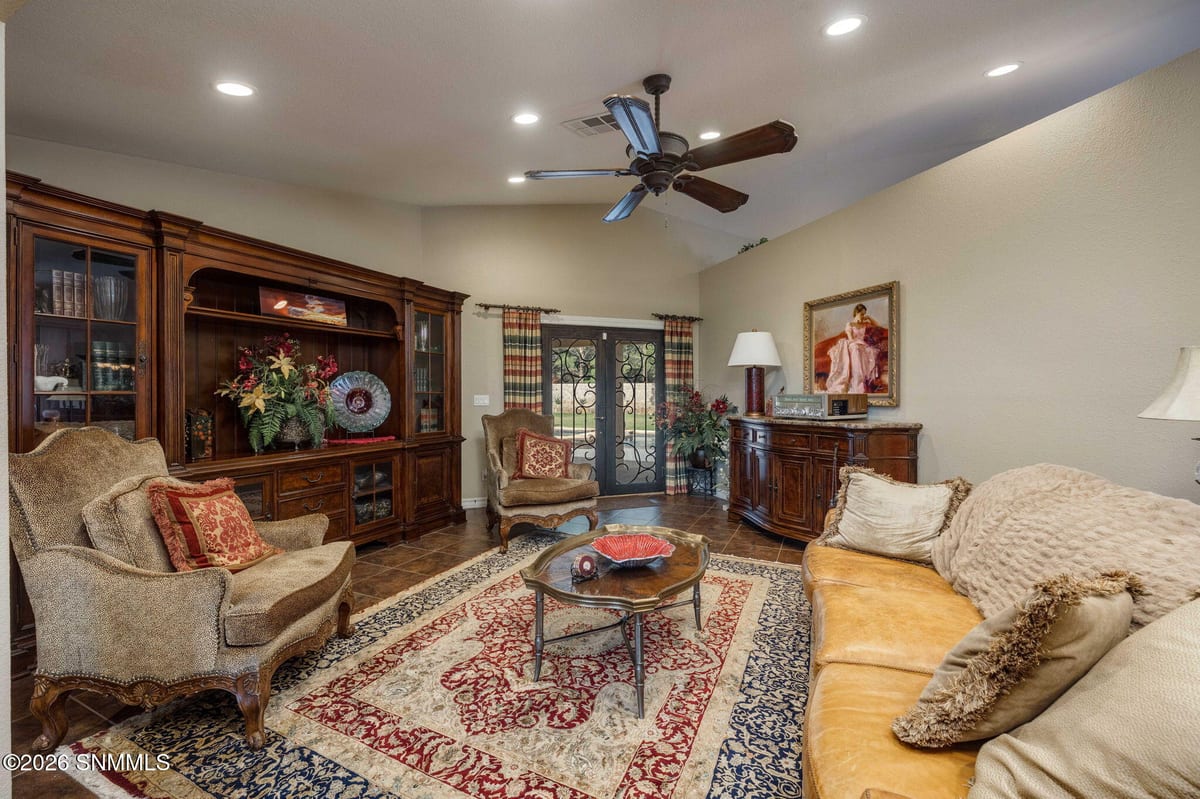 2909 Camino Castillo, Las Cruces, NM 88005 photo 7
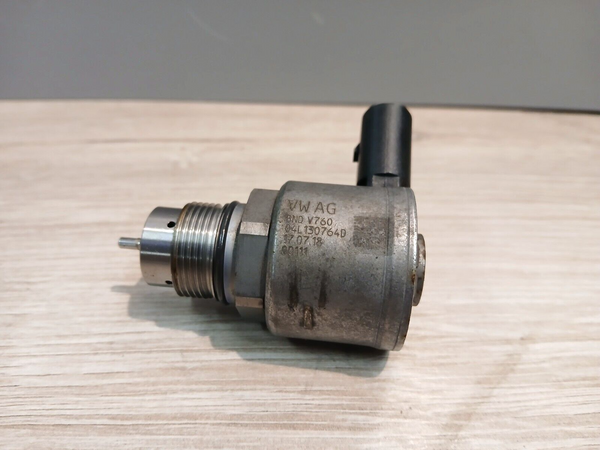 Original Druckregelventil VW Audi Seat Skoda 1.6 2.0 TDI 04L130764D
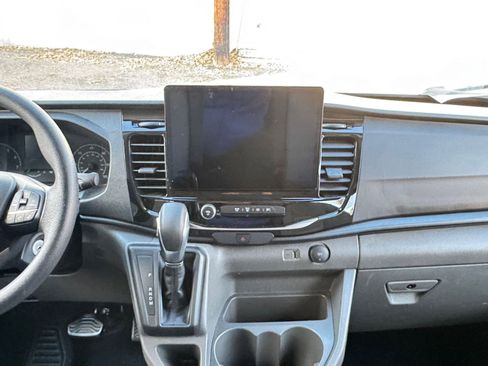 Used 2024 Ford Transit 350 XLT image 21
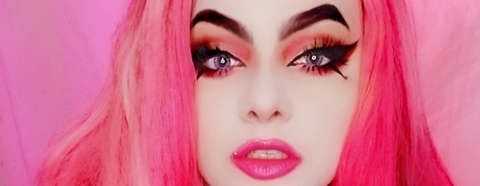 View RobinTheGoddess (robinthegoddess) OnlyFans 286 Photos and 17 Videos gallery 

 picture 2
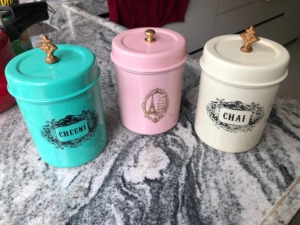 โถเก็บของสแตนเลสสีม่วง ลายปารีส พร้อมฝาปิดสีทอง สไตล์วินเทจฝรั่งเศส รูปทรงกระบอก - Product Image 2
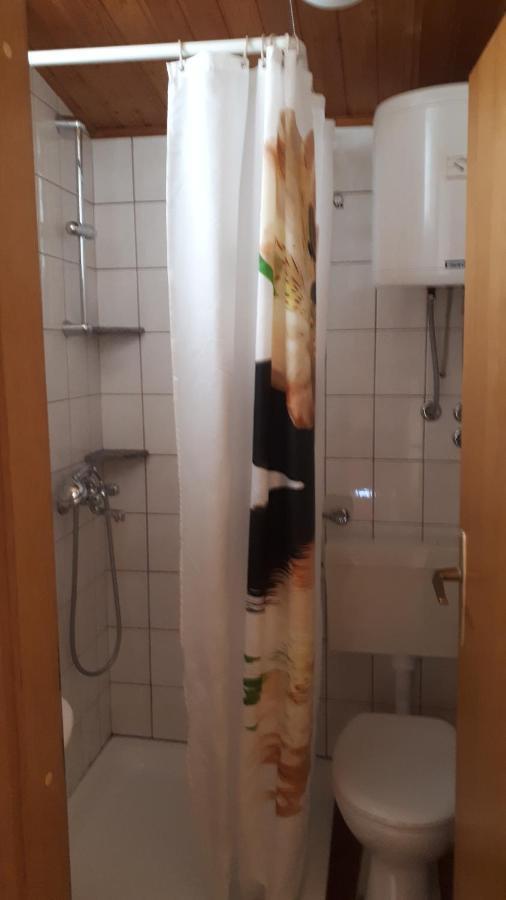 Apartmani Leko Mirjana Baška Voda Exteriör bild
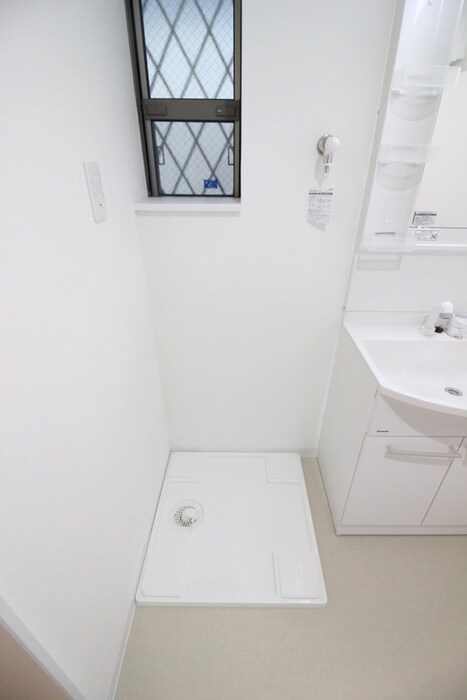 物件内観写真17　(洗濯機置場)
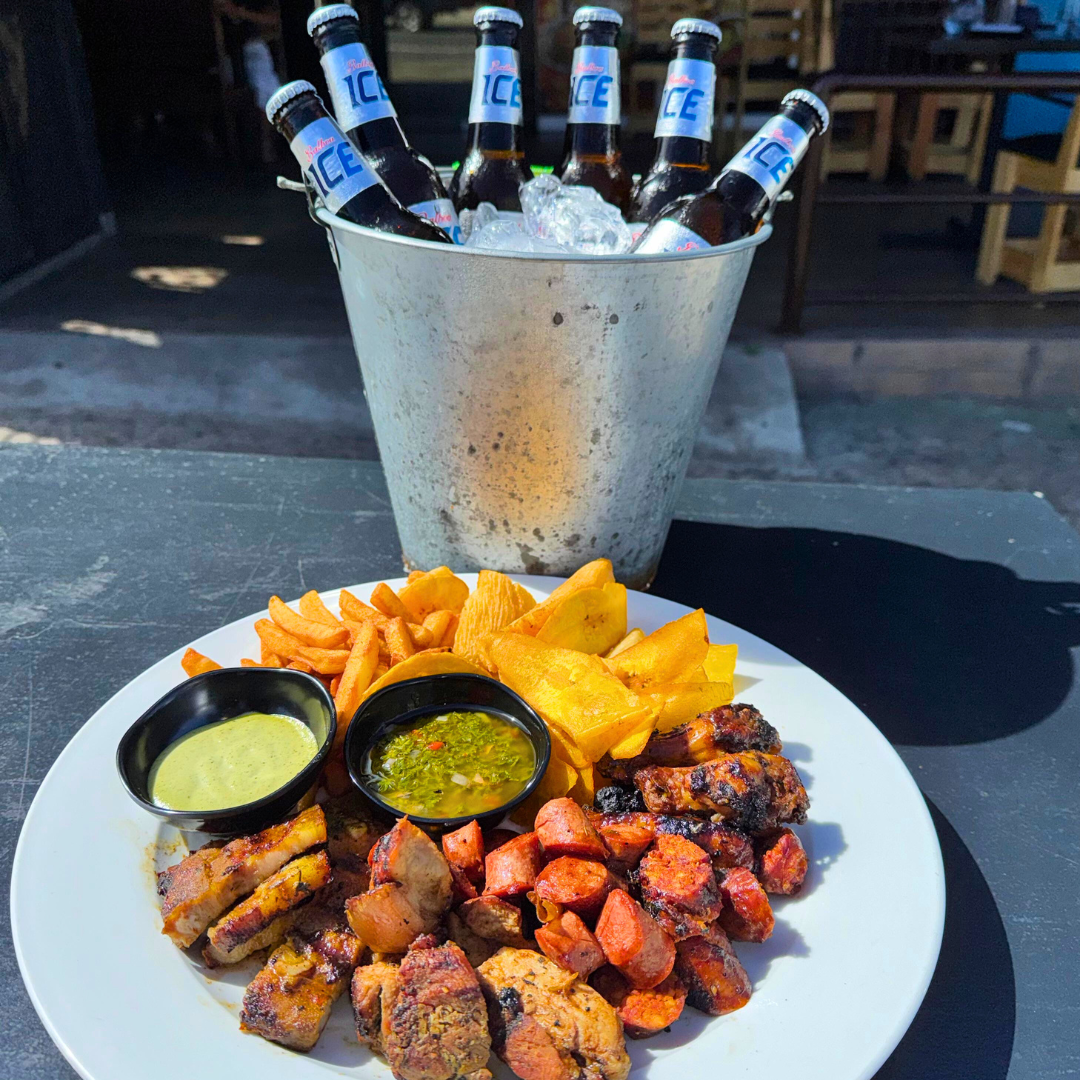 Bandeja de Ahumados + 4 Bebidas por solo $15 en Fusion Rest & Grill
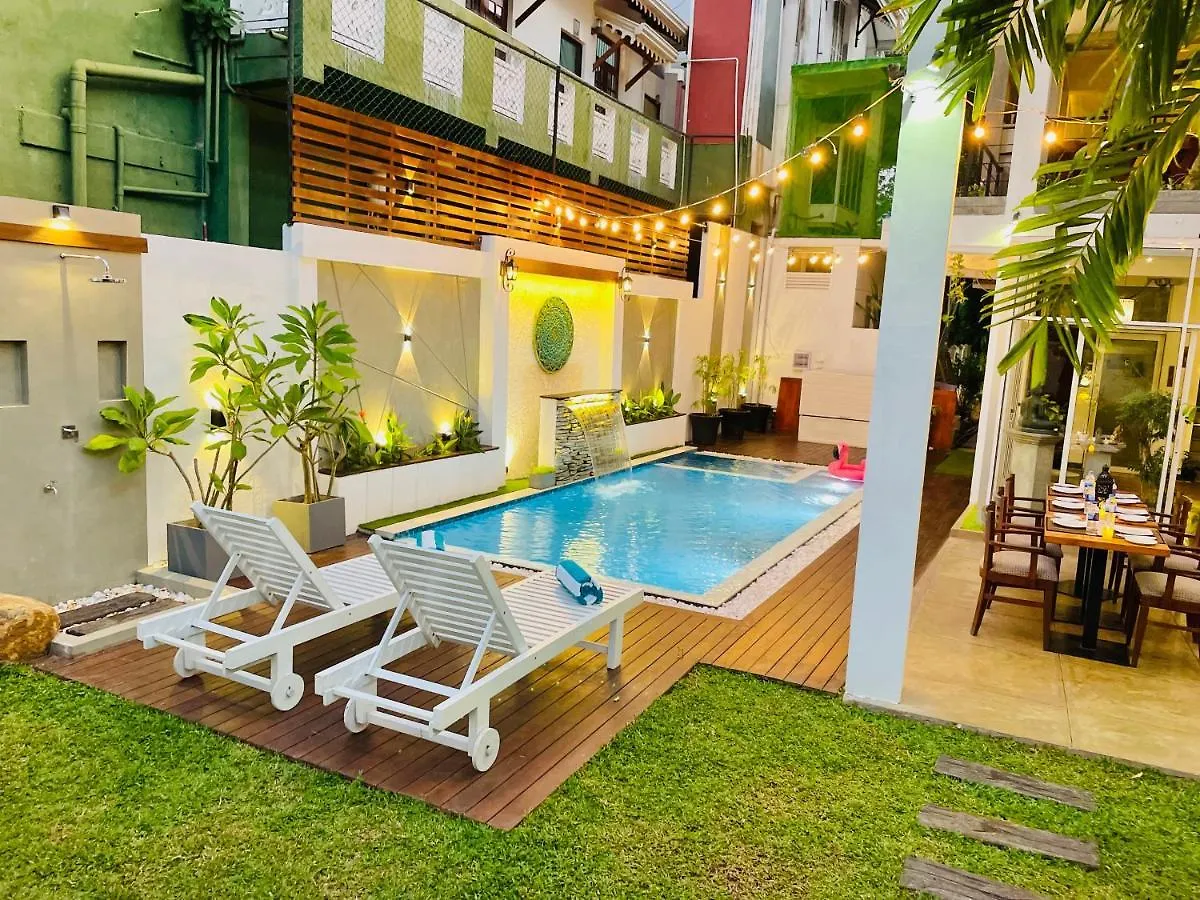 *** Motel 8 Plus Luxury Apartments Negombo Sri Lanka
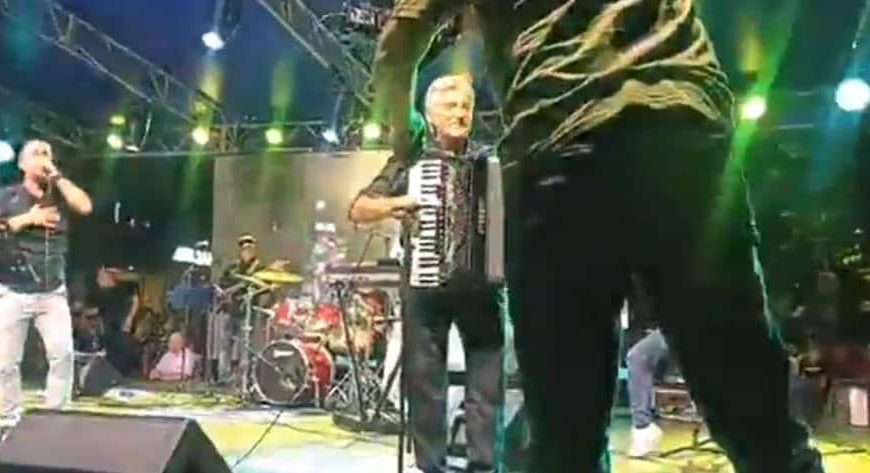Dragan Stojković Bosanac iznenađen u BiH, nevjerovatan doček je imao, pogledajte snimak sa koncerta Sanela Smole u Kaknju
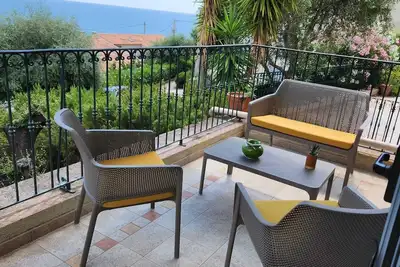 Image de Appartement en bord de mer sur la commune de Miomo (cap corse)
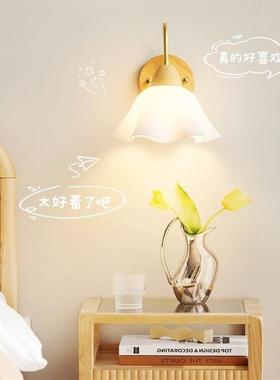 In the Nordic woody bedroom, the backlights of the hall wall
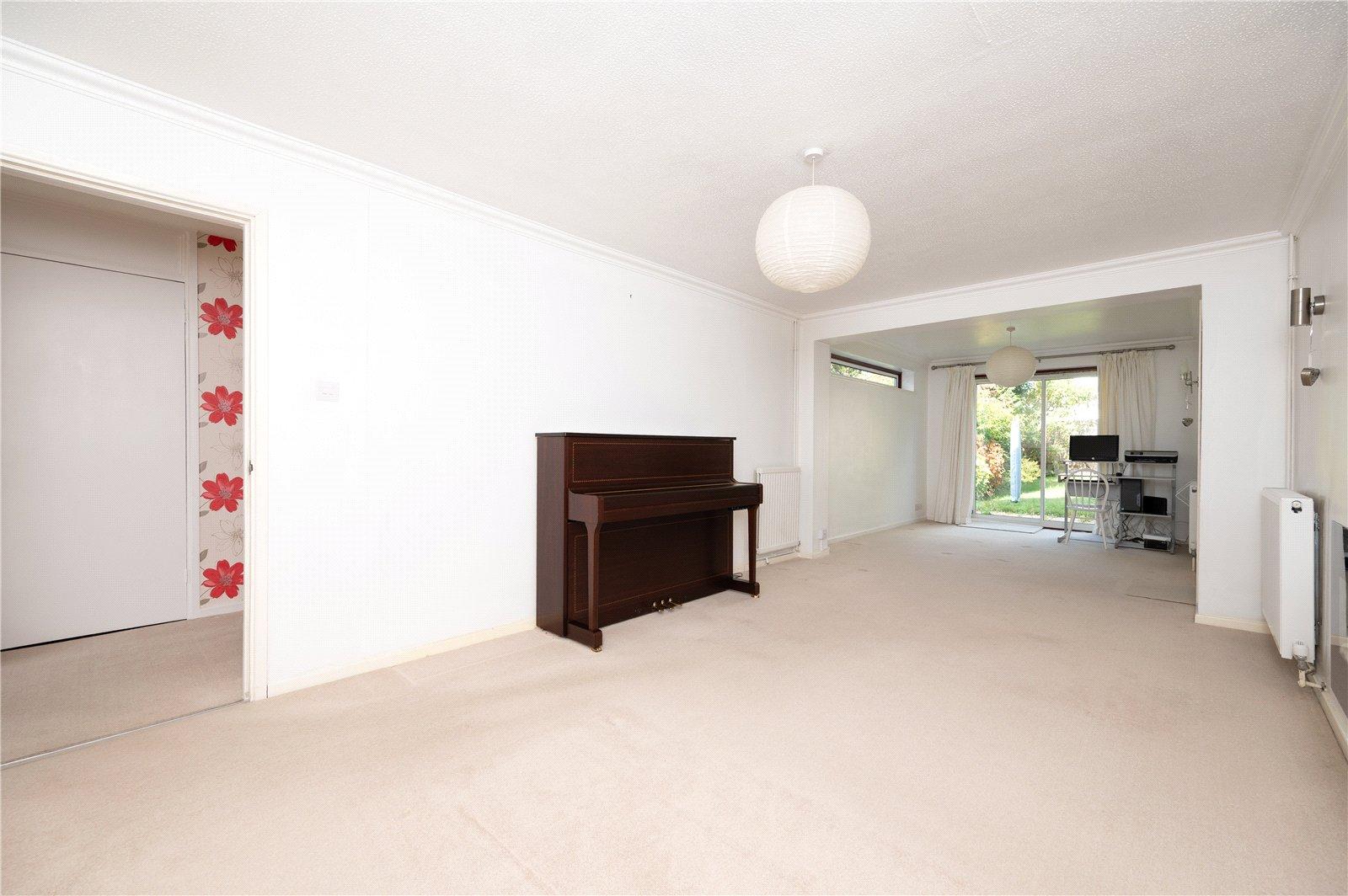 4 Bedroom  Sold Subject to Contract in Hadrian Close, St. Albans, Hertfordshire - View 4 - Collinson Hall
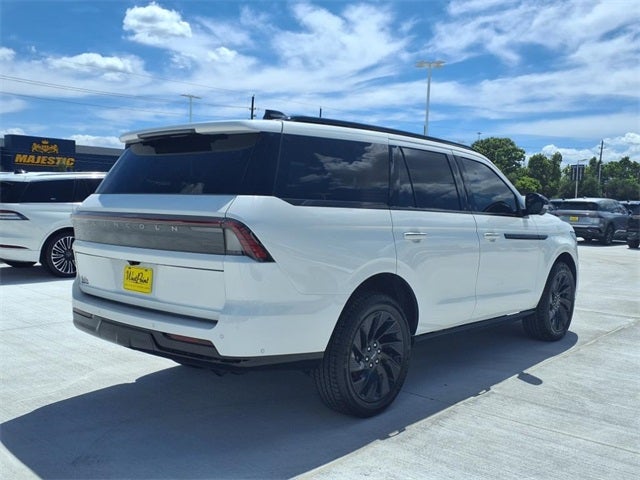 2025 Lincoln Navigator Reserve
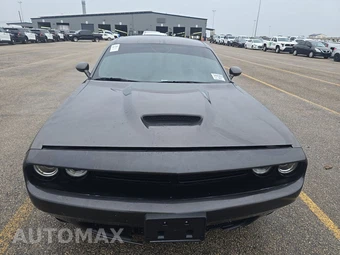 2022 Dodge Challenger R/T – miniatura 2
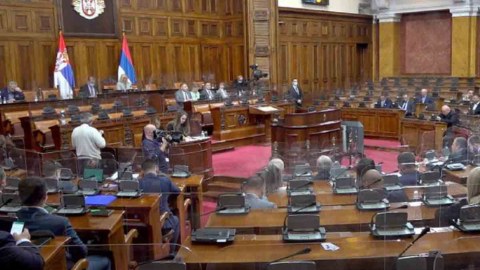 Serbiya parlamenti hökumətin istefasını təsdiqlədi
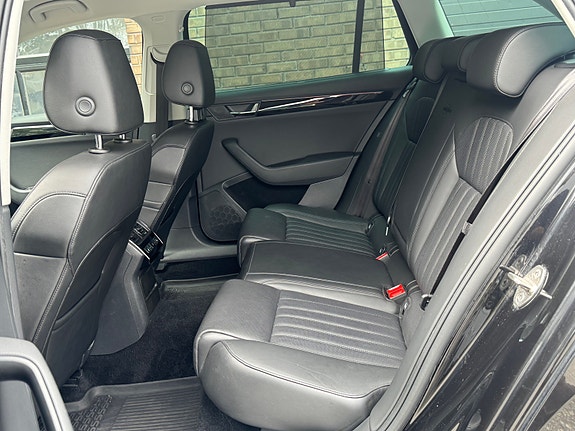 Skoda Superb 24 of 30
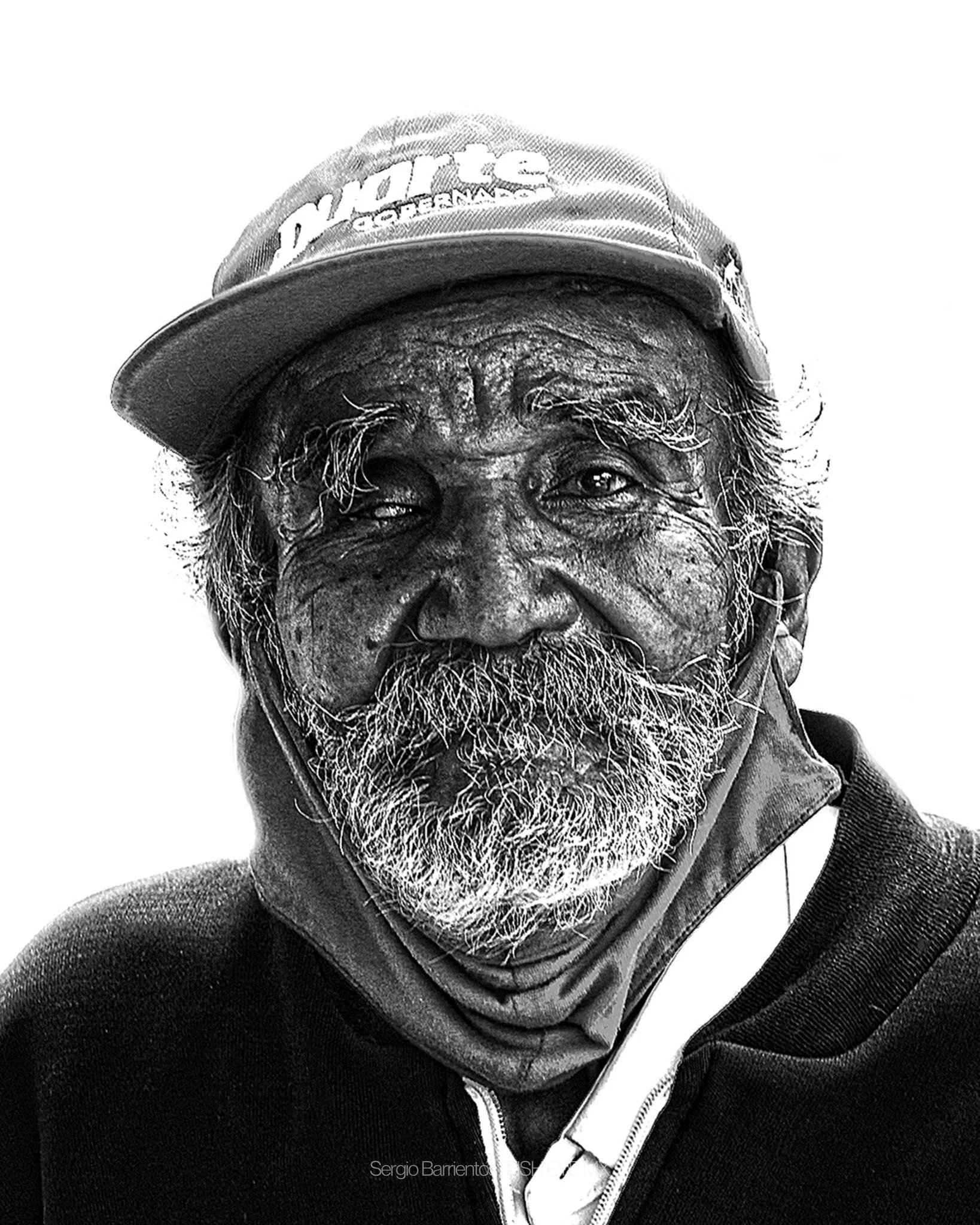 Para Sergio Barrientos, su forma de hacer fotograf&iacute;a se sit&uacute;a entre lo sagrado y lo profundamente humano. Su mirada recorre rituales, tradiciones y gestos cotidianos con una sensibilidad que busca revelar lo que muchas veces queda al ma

> Action item:
Your copy should run from the line that has "2022 Dodge Challenger R/T – miniatura 2" through the last line above, exactly, with both ends in and pictures out.

> Answer for this exercise:
 2022 Dodge Challenger R/T – miniatura 2
 Serbiya parlamenti hökumətin istefasını təsdiqlədi
 Skoda Superb 24 of 30
 Para Sergio Barrientos, su forma de hacer fotograf&iacute;a se sit&uacute;a entre lo sagrado y lo profundamente humano. Su mirada recorre rituales, tradiciones y gestos cotidianos con una sensibilidad que busca revelar lo que muchas veces queda al ma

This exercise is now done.